Research on ISO 9000 and Other Management System Standards

ISO 9000 and Southeastern Manufacturing

I have worked and continue to work with a variety of manufacturers in the Southeastern US to try to understand the unique regional problems of implementing quality management systems. Many of these problems are the result of a long history of industrial development policy that has been designed to attract low and medium-skilled manufacturing industries from the US Northeast and Great Lakes regions (the old "rust belt").

For this region, the appearance of ISO 9000 has been both a boon and a bane. On one hand, it has provided a stimulus for large numbers of medium-sized manufacturing operations (particularly in the auto parts industry) to upgrade their quality management systems. One the other hand, it has highlighted the problems that are manifest with workforce literacy in the region.

Mustafa V. Uzumeri and Richard H. Tabor, "The ISO 9000 Experience in the Southeastern U.S.", The Southern Business and Economic Journal, 18(1) October, 1994, pp35-49.

ISO 9001 embeds an external satisficer's model of the firm

When customers ask for a supplier's ISO 9001 compliance certificate, they are really asking whether the supplier's quality management system is "good enough" to merit addition to the customer's short list. This, in my view, is a clear example of Herbert Simon's satisficing process at work.

If customers decisions are satisficing in nature, and if ISO 9001 is truly a "model' of a quality management systems, then ISO 9001 must represent an external satisficing customer's vision of adequate management.

If one combines this observation with the well documented explosion in ISO 9001 certification activity, it seems to me that we must be witnessing the first broadly accepted definition of "good enough". Given that the rest of management focuses almost exclusively on finding the 'best' way to do things, the broad acceptance of this alternative definition strikes me as an exciting development.

To download a working paper (in Word for Windows 6.0 format) that explains this perspective, click here.

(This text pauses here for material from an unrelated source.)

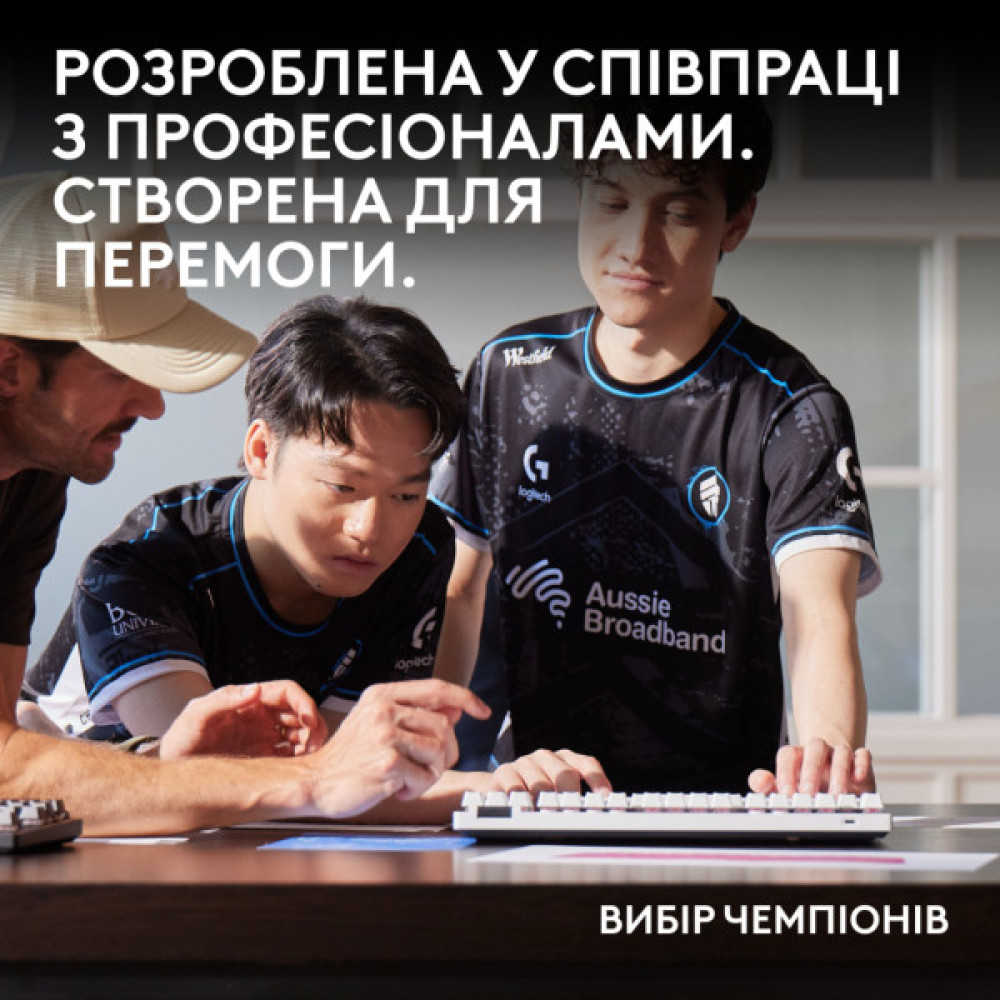 Мишка Logitech G Pro 2 Lightspeed Wireless Magenta (910-007309)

ISO 9000 supports the institutional theory of organizational change

The institutional theory of organizational change was developed as a contrast to the prevailing belief that organizational change was the result of a) conscious choice, or b) natural selection. Institutional theories argue that there are other forces, broadly embodied in society's 'institutions', that act as guides and constraints on the change process.

If one adopts the institutional view, it seems to me that it would be hard to conjure up a more fitting example than ISO 9000. In effect, a small number of individuals operated within the institutional framework of the International Standards Organization to effectively change organizational systems around the world. In the few years since the standard was published, nearly one hundred thousand industrial sites have already enacted the change. If that is not an instititional effect, I don't know what is.

To download a working paper (in Word for Windows 6.0 format) that explains this perspective, click here.

ISO 9000 and product design

ISO 9001 contains a number of very specific provisions concerning the process of product design. More significantly, many of these provisions are mirrored in a number of other recently published standards relating to worker safety and environmental management.

To me, it seems inevitable that future design processes will have to employ a broader range of formal controls than is currently the case. There is also a strong possibility that many of these externally-imposed requirements will appear to conflict with the 'softer' control approaches that are currently in vogue. For example, it will be interesting to see how companies will reconcile the desire to give design teams more autonomy with the standards' explicit demands for more formal process documentation and record-keeping.

To download a working paper (in Word for Windows 6.0 format) that explains this perspective, click here.

ISO 9000 is an exercise in unintended consequences

The early diffusion of ISO 9000 has been accompanied by a series of structural changes in the way many large organizations purchase products from potential vendors. There is an old adage that intended changes generally have unintended consequences. Since ISO 9000 is an intentional system change, it follows that it's unintended consequences are also going to involve management systems.

I have been gradually assembling a portfolio of these unintended consequences. Examples include the following:

  1. There has been a ripple effect as ISO 9001 requirements for purchasing documentation have created incentives (perhaps artificial ones) for registered companies to demand compliance of their suppliers.
  2. By issuing registration certificates for an explicitly contractual standard (ISO 9001 ), third-party registrars may be injecting themselves into the legal framework of huge numbers of commercial transactions. This could have a number of unintended consequences for all parties.
I hope eventually to be able to publish an organized catalog of these unintended and "second-order" effects.